To calculate metrics in batch jobs you need to configure the metrics specifically for your event data in a configuration file for your schema. For a simple example you can take a look at metric-framework/conf/socialnet7_metrics.json which is setup to run for the default simulated data file. The configuration is a set of named objects where the key is the name of the metric that will be created (the name to be entered in the table metric_name in the database) and the value is an object containing key/value pairs that are the bind variables for the SQL. Here is an example from the socialnet7 configuration:

    "date_range": {
        "from_date" :"2019-02-04",
        "to_date" : "2019-05-06"
    },,
	"event_properties" : [],
	"account_tenure": {
	    "sql" : "metric_tenure"
	},
	"post_per_month": {
		"event_id":  0,
		"fun" : "count(*)",
		"measwin" : 8,
		"quotwin" : 4,
		"minten" : 2,
		"sql" : "metric_over_period_tenscale"
	}

The entire configuration is a JSON of name/value pairs that is loaded as a dictionary in Python. Each name maps to another object which contains additional name/value pairs.

The first object in the configuration is a named date_range which contains the start and end dates for the metrics to be calculated as from_date and to_date.

The second object is a list of properties that are in the event table - these will be included in the Event QA (described above) if there are any. (In the future there will be a simulated data set with event properties, but not yet...)

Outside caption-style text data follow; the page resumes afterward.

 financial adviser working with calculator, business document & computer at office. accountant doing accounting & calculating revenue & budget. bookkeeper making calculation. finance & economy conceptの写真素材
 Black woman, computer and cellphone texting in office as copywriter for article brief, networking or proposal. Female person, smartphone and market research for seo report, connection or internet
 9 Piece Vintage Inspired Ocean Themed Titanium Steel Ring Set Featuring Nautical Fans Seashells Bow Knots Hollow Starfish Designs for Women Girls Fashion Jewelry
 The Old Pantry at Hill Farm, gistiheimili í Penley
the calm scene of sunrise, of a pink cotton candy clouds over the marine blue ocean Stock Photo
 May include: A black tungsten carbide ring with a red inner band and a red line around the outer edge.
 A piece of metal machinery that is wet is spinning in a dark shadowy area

The third object is an example of a no-parameter metric, account_tenure (described in Chapter 3 of the book). The only parameter in the object is the sql parmeter which indicates which SQL file (in metric-framework/sql) is run to make the metric calculation.

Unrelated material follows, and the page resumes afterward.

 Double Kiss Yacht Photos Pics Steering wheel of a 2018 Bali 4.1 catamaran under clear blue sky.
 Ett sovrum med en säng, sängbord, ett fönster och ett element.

The second object in the example configuration is a metric that has multiple parameters. This configuration will create a metric named "post_per_month". The sql parameter in the configuration object indicates which specific SQL to execute in order to create the metric : in this case it is the sql metric-framework/sqls/metric_over_period_tenscale.sql.
The other fields in the configuration object will all be matched to bind variables in the SQL.

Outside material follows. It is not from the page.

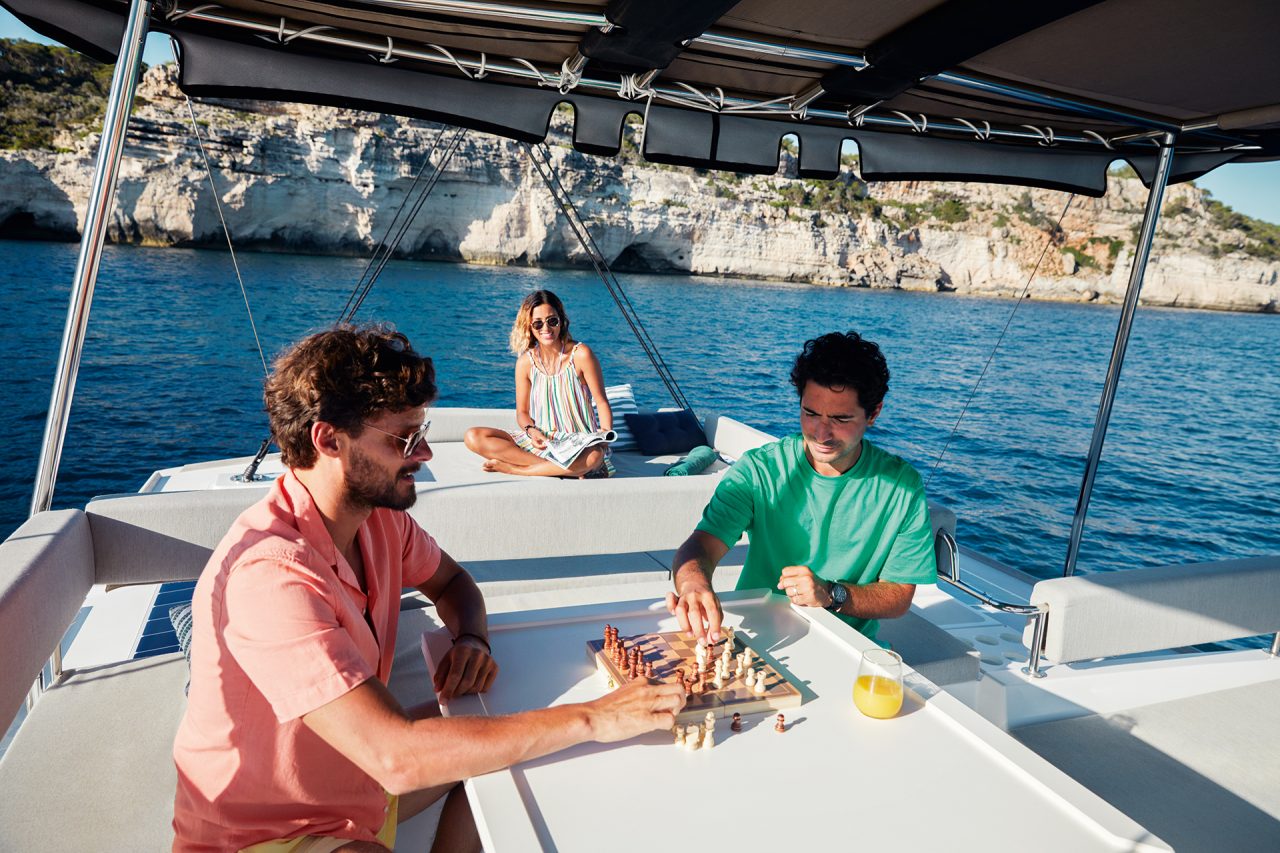 Guests playing chess on the Bali 4.6 spacious flybridge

Each metric you create requires one configuration and the easiest way to create them is copy/paste and then modify the existing configurations. For more examples of metric configurations (the socialnet7 only has one example repeated) look at the other sample file metric-framework/conf/x_metrics.json. (Unless you really need to make a lot - then its not so easy to make them manually and you should spend some time automating that process as well. Maybe that will be a future feature in this framework...)

3.2.3 Running Metric Calculations

Once you have configured metrics (or if you are using the default socialnet7) you calculate the metrics with the metric-framework/metric_calc.py. You create a configuration for this script as described in Section 1.2.2.4 of this README. If you run the default configuration you should see this in your terminal (or the "Run" window in PyCharm):

/Users/cgold/projects/ChurnBook/fight-churn/venv/bin/python /Users/cgold/projects/ChurnBook/fight-churn/metric-framework/py/metric_calc.py
TRUNCATING *Metrics* in schema -> socialnet7 <-  ...
are you sure? (enter socialnet7 to proceed)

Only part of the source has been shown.